Goodwizz was a result from a market study with the cooperation of 200 people. The outcome is that most people find it hard to connect and get to know people online. The study was able to find ways on how to connect to other users by means of genuine connections.

Originally launched with a matchmaking algorithm and personality games developed with psychologists.

On June 6, 2011, Goodwizz founder Emmanuel Cassimatis made a statement on BBC News regarding the banning of French TV and radio presenters from mentioning social networking sites such as Facebook and Twitter on air.

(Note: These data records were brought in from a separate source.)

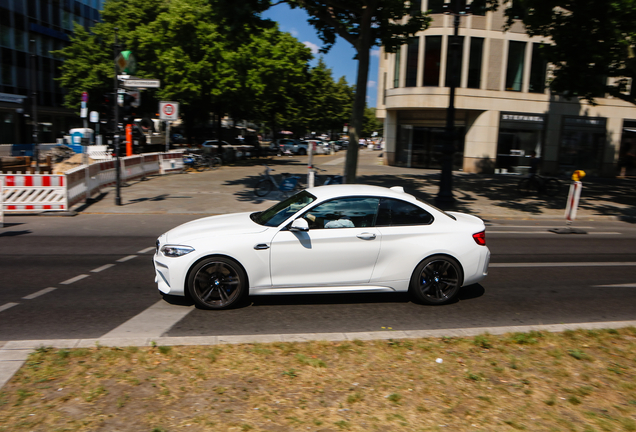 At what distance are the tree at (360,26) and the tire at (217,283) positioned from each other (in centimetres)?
1167

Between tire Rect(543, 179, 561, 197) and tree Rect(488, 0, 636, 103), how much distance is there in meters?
3.31

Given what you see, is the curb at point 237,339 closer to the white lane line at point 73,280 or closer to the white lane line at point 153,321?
the white lane line at point 153,321

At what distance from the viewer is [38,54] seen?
51969mm

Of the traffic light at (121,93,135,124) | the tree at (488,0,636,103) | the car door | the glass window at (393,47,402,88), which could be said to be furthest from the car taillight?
the glass window at (393,47,402,88)

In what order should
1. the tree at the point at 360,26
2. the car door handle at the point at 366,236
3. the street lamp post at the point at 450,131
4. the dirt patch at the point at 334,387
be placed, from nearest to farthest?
the dirt patch at the point at 334,387 → the car door handle at the point at 366,236 → the street lamp post at the point at 450,131 → the tree at the point at 360,26

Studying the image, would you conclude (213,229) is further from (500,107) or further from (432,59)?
(500,107)

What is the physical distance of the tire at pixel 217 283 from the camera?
6.12 metres

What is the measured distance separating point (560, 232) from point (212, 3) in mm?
11768

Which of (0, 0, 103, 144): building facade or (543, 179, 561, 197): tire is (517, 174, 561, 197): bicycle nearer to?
(543, 179, 561, 197): tire

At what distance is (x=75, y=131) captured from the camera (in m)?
39.0

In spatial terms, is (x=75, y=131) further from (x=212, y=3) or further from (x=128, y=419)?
(x=128, y=419)

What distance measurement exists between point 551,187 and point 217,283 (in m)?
17.8

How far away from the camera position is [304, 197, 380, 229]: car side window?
639cm

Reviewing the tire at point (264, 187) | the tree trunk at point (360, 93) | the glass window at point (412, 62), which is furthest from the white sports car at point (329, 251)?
the glass window at point (412, 62) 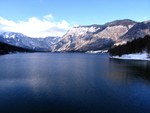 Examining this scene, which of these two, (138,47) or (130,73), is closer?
(130,73)

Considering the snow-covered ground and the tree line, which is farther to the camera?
the tree line

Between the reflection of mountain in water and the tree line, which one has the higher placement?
the tree line

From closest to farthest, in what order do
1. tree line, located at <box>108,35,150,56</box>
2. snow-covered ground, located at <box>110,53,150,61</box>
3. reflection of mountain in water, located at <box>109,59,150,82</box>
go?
reflection of mountain in water, located at <box>109,59,150,82</box> → snow-covered ground, located at <box>110,53,150,61</box> → tree line, located at <box>108,35,150,56</box>

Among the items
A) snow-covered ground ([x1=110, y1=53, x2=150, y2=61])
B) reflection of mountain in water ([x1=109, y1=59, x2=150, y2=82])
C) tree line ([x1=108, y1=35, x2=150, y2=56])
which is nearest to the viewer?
reflection of mountain in water ([x1=109, y1=59, x2=150, y2=82])

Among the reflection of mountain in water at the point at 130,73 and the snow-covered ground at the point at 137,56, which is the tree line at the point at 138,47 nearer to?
the snow-covered ground at the point at 137,56

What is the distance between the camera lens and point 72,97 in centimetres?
4297

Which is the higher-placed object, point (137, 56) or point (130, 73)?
point (137, 56)

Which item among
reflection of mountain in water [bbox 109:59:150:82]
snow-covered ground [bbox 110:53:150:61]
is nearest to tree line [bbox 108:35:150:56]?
snow-covered ground [bbox 110:53:150:61]

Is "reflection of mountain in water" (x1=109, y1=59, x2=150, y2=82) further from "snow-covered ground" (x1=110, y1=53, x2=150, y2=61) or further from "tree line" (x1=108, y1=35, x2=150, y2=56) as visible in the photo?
"tree line" (x1=108, y1=35, x2=150, y2=56)

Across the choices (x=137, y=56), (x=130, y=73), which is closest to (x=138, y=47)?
(x=137, y=56)

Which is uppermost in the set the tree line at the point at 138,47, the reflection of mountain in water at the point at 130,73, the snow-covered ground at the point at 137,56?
the tree line at the point at 138,47

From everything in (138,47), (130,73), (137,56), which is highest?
(138,47)

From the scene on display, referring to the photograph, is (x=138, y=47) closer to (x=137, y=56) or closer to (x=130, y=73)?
(x=137, y=56)

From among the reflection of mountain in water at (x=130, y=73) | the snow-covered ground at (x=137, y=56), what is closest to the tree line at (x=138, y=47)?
the snow-covered ground at (x=137, y=56) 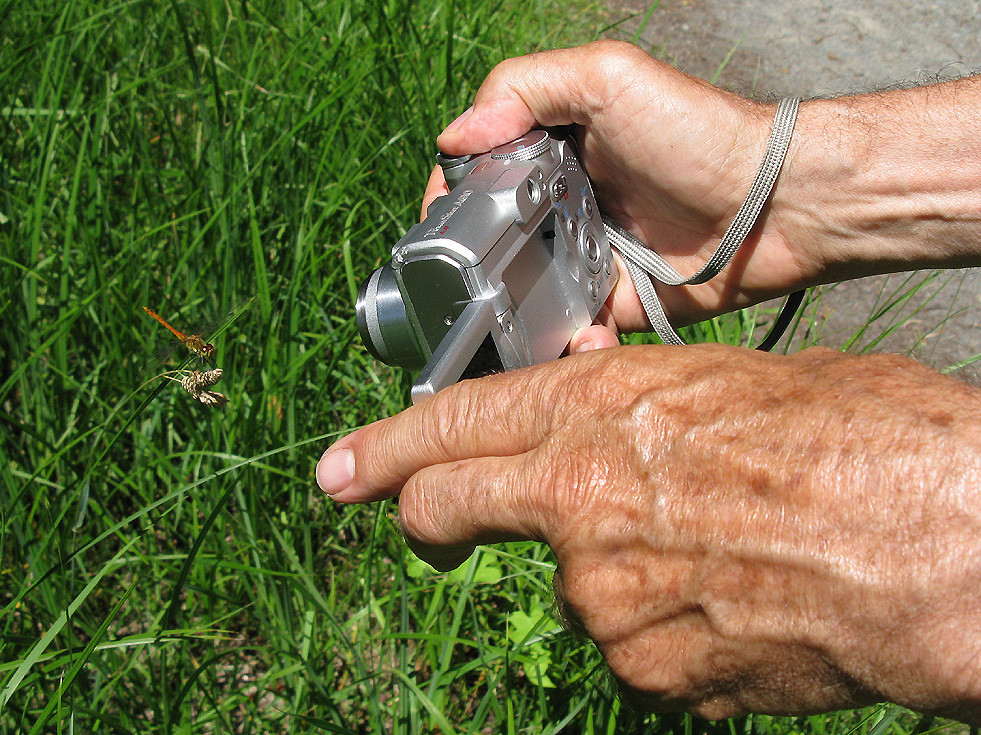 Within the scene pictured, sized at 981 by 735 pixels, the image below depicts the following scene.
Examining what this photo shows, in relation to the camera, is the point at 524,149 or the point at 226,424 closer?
the point at 524,149

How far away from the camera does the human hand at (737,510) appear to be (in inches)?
31.3

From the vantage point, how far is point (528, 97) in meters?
1.64

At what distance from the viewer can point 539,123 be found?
168 centimetres

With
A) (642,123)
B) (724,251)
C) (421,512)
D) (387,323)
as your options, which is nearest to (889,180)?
(724,251)

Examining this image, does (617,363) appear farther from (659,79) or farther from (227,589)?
(227,589)

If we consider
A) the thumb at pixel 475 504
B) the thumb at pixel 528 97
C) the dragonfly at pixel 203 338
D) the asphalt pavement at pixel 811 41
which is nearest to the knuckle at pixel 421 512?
the thumb at pixel 475 504

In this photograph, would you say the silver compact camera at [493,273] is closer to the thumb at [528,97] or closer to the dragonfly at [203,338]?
the thumb at [528,97]

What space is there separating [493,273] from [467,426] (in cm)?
26

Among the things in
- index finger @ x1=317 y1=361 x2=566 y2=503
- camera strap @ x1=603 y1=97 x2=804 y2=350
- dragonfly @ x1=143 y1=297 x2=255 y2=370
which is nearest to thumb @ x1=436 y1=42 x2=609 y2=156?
camera strap @ x1=603 y1=97 x2=804 y2=350

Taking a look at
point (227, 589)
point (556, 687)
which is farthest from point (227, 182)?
point (556, 687)

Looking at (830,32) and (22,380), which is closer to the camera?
(22,380)

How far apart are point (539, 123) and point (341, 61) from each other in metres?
1.05

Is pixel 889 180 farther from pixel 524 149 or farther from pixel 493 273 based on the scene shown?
pixel 493 273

"It is about finding a balance between freedom and fairness, each company should have the right to say which communication channel they want to use. But 10 or 20 years down the line, we may have a string of lobbies created through those three or four channels that prevent small companies like ours from emerging. This move prevents that."

Today, Goodwizz extended steadily the range of proposed functionalities, focusing on guidance, evolving to a meeting management platform offering meeting-oriented tools.

==Features==
Like most social networking service, Goodwizz allow users to post and upload pictures and videos, share thoughts and comments on a wall, invite friends, and send them virtual gifts. It developed a unique matchmaking system that suggests particular users to members with common interests and compatible personal feature.

It has its own personality games and external games from Facebook. Meeting services that focuses on guidance and coaching based on personality plays is also an attraction.

Applications that provide service like online radio, classifieds, photo editing, psychic services and many others.

Goodwizz also offers a mobile phone version of its website.